This question involves conditional reasoning. If you are not familiar with conditional reasoning, you will definitely want to spend a significant time studying it to prepare for the LSAT as it is a fundamental concept tested in both logical reasoning and logic games. It also gives many test takers difficulties until they have studied it well. (I only mention this up front because the rest of this answer discusses these concepts.)

In conditional reasoning, the word "if" is completely different in meaning than the words "only if." The word "if" by itself is a sufficient indicator, while the words "only if" together are necessary indicators.

In your question, you used the words "if and only if." Those words express what is called a biconditional. They do not appear anywhere in this question (either in the stimulus or the answers), so we don't have to worry about them here.

In the stimulus, the buyer states that he or she will buy a garment "only if" it is fashionable and not too expensive for their clientele. This means that the terms after the words "only if" (fashionable) and (not too expensive), are both necessary for the buyer to buy the garment.
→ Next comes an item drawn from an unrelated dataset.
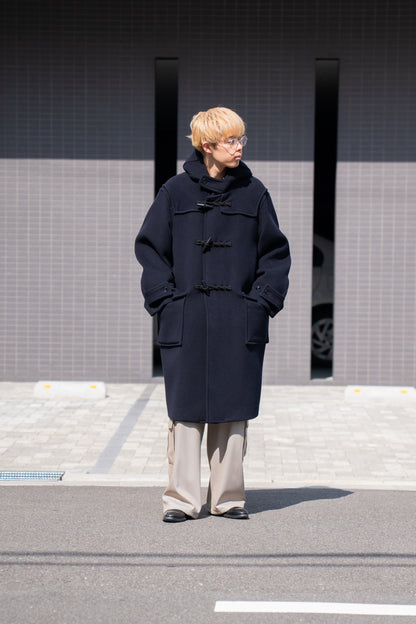 Wool Felton Duffle Coat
You could restate the sentence to say "If the buyer buys a garment, then it is fashionable and not too expensive for the clientele."
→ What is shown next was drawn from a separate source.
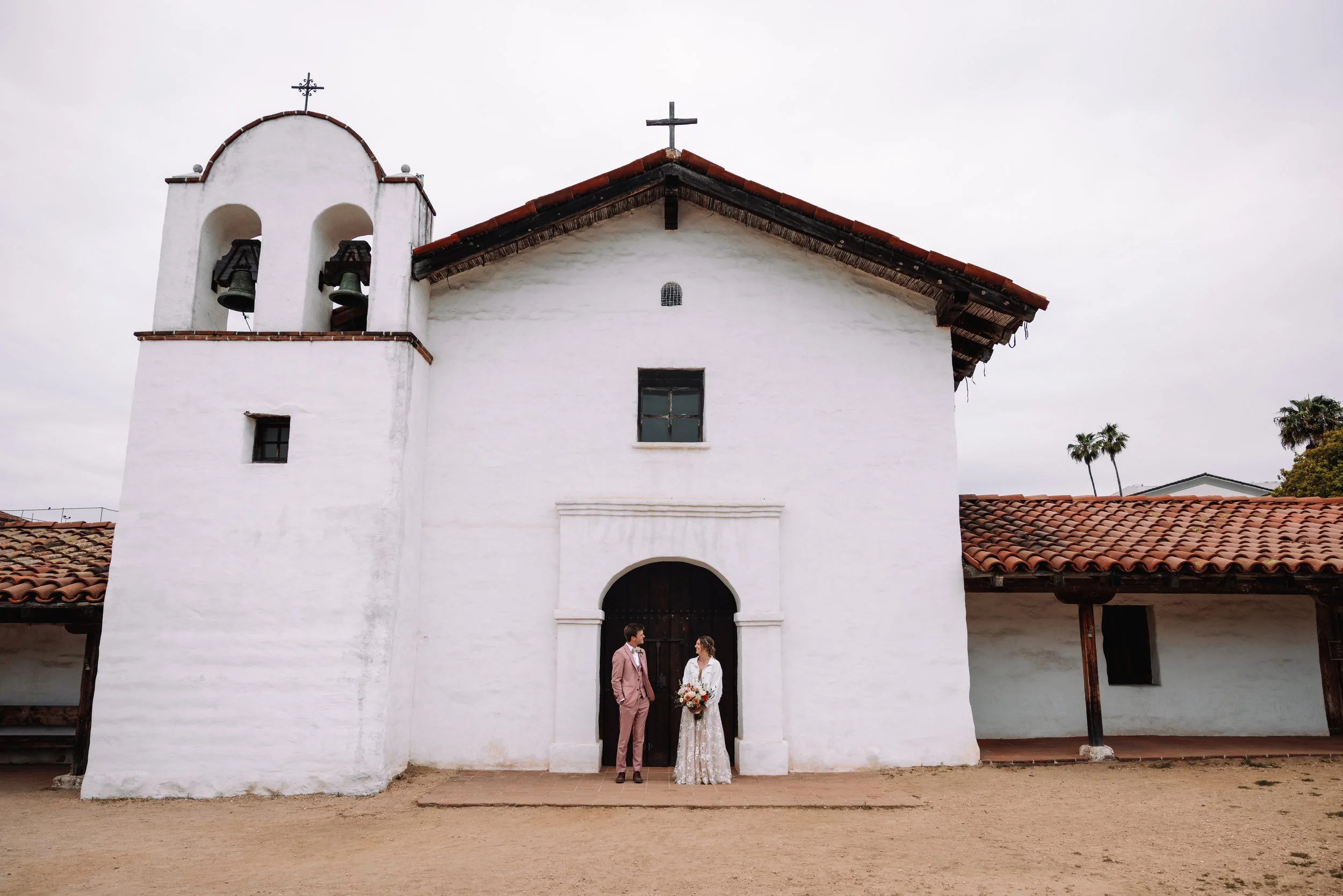 www.santabarbarawedding.com | Bear Beau | SB Historical Museum | Tangled Lotus | KB Events | La Rouge Artistry | Couple Photo Shoot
You could diagram the sentence:

BG -> F + not TEC

(Where BG stands for Buy Garment, F stands for Fashionable, and not TEC stands for not Too Expensive for Clientele.)

This argument uses the contrapositive. (Again if you are unfamiliar with the term, you will definitely want to study this concept).
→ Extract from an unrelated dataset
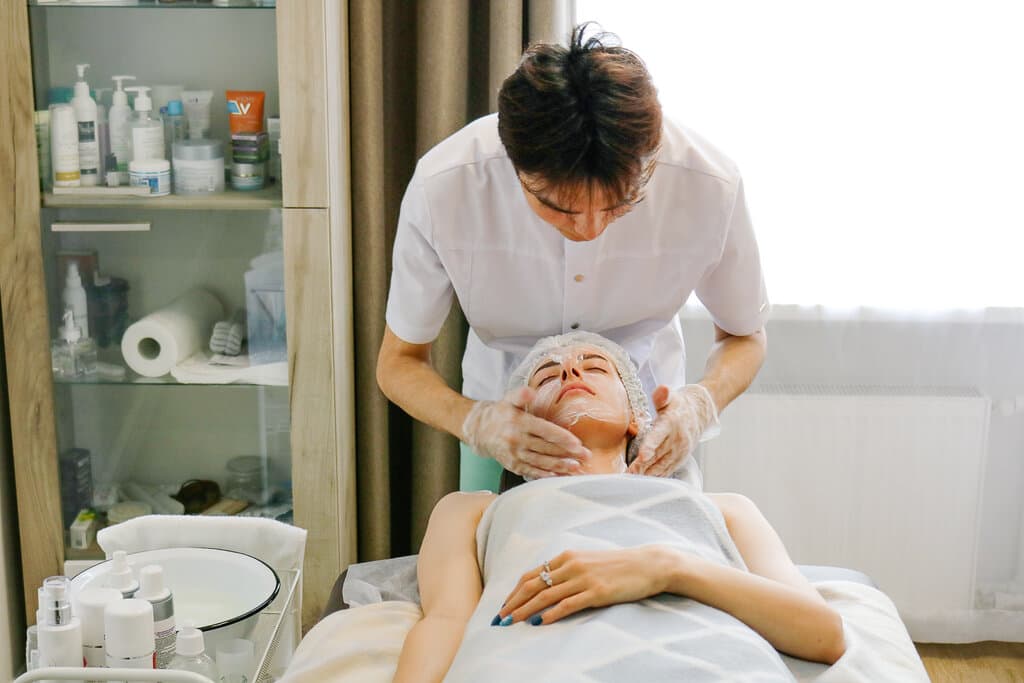 Салон красоты Saffron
The contrapositive to the above diagram is:

not F or TEC -> not BG

(which would be read, if it is not Fashionable or it is too expensive for the clientele, then the buyer will not buy the garment.)

The stimulus then states that the evening dress by Peruka is too expensive for the clientele, so the buyer will not buy the garment.

This is a valid argument using the contrapositive.

Answer B perfectly parallels this reasoning and is correct.

Answer A starts off with two sufficient conditions rather than two necessary conditions, so already it is not parallel.

The first sentence of answer A states that if it is in a warm place and not protected by insulation, then a snowflake will melt.

This could be diagrammed,

WP + not PI -> SM

(where WP stands for warm place, not PI stands for not protected by insulation, and SM stands for snowflake will melt.)

We are then told that one of the sufficient conditions doesn't happen (since the snowflake is protected by insulation) and the argument concludes that the necessary condition did not occur. This argument contains an error of reasoning that we call a Mistaken Negation. Just because the sufficient condition fails to occur does not mean that the necessary condition also fails to occur.

Hope this helps.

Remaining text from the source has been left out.